Prompt
Write the data out in full and word for word. Do not include images.

Captioned web image data:
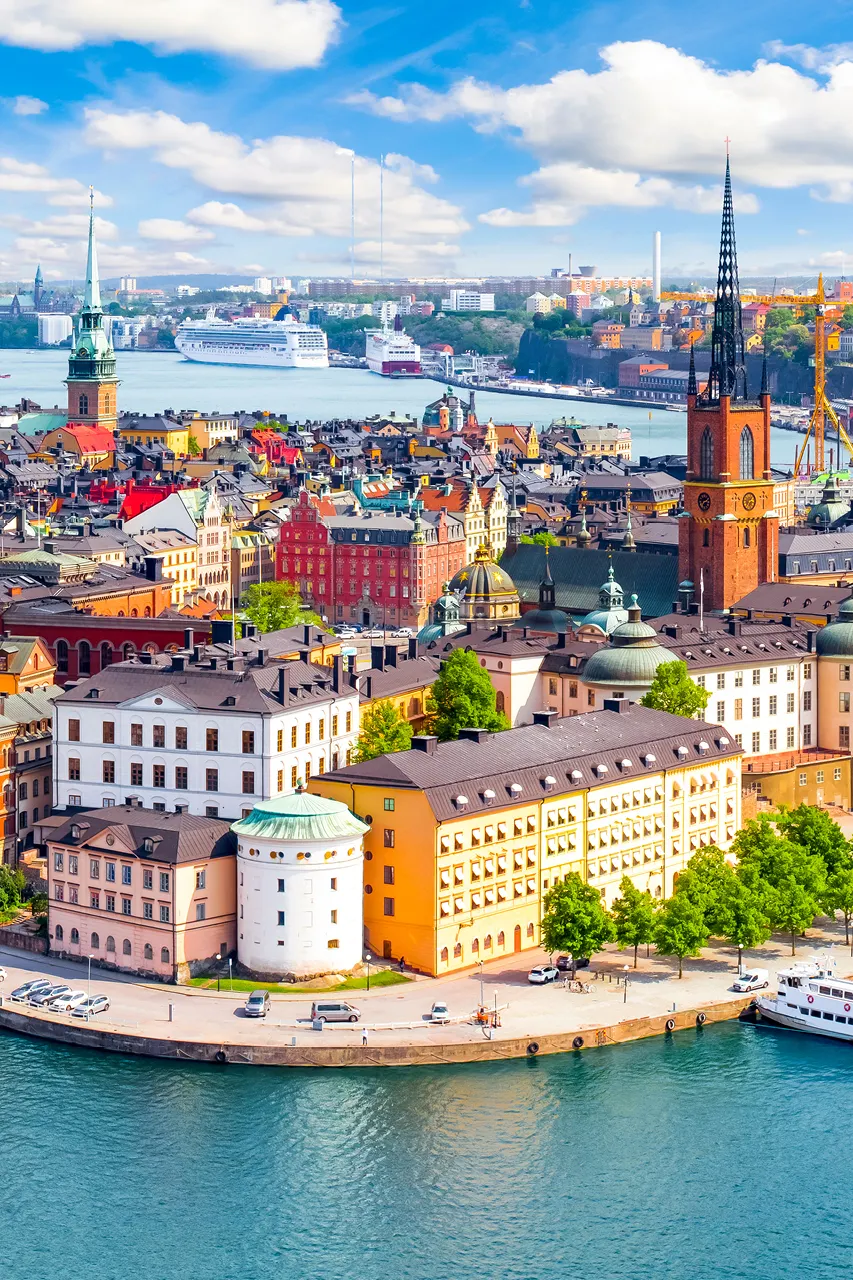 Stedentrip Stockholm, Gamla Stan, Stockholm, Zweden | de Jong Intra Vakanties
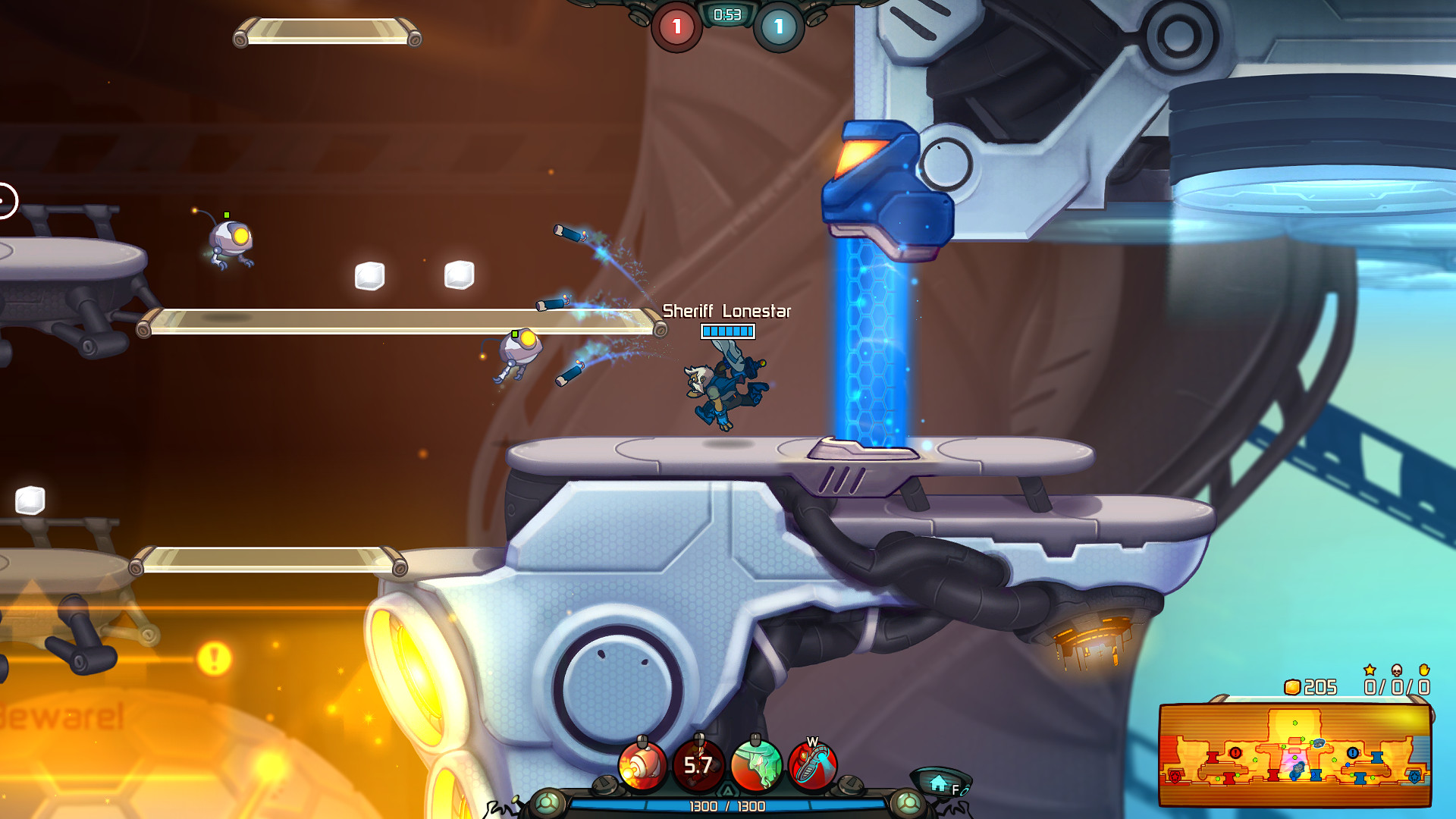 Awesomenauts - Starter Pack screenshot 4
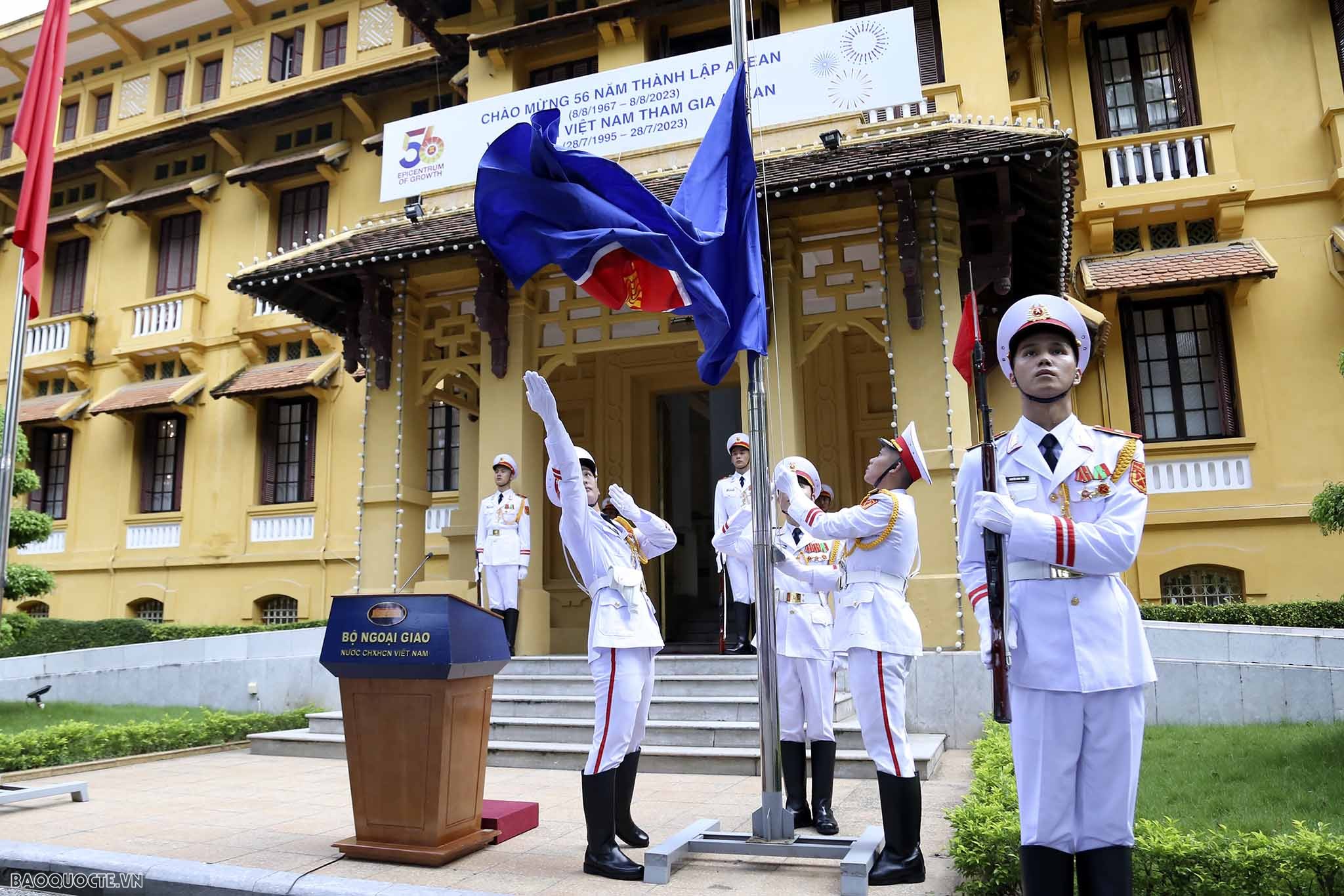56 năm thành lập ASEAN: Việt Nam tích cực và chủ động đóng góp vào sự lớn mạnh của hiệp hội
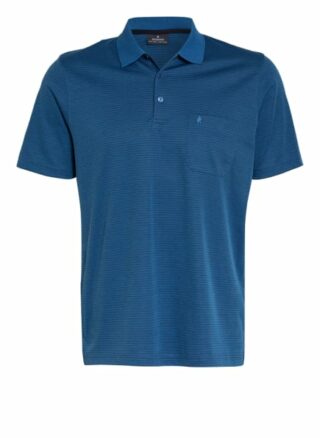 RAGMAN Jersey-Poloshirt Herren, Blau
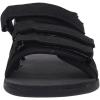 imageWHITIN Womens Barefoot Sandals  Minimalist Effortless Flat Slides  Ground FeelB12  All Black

Output for this exercise
 Stedentrip Stockholm, Gamla Stan, Stockholm, Zweden | de Jong Intra Vakanties
 Awesomenauts - Starter Pack screenshot 4
56 năm thành lập ASEAN: Việt Nam tích cực và chủ động đóng góp vào sự lớn mạnh của hiệp hội
 RAGMAN Jersey-Poloshirt Herren, Blau
 imageWHITIN Womens Barefoot Sandals  Minimalist Effortless Flat Slides  Ground FeelB12  All Black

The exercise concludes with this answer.